# 2001 Altima Mileage



## Guest (Feb 4, 2003)

My dad has a 2001 Nissan Altima which he purchased new back in '01. The car's mileage stinks (14 to 18 MPG). I get better mileage from my 1999 Expedition.
He did take it to the dealer when the car was a fews months old and was told "nothing was wrong". Before the warranty period is up, I'm going to pursue getting this resolved for him.

He does do city driving, but I would expect that the mileage would be better. Prior to this car, he had a 98 Ford Escort Wagon.
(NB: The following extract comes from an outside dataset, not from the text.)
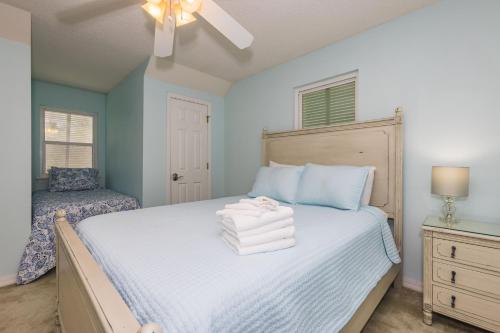 Three-Bedroom House image 8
That car did better than 25 MPG in the same type of driving he does now.

Can anyone with a similar Altima let me know what they do for mileage? 

Also, does any know about a problem with the TORQUE CONVERTER CLUTCH SOLENIOD VALVE?

Thank you for your help.


----------



## OmegaManEX (Oct 4, 2002)

fuel economy for 2001 altima from edmunds.com:

city/highway

5-speed manual: 24/31

4-speed automatic: 22/30

should be somewhere around there because i have a 1996 altima which has the same engine


----------



## Ry Ry (Apr 30, 2002)

I get around 25-30 in mixed driving. 30+ when it's all highway.


You dad doesn't happen to have a 2001 GXE-LE, does he?


----------



## 2000SE (Oct 28, 2002)

What problem are you having with the TCCS?

How are you calculating mileage?
Also, mileage depends on driving style, gasoline quality........


----------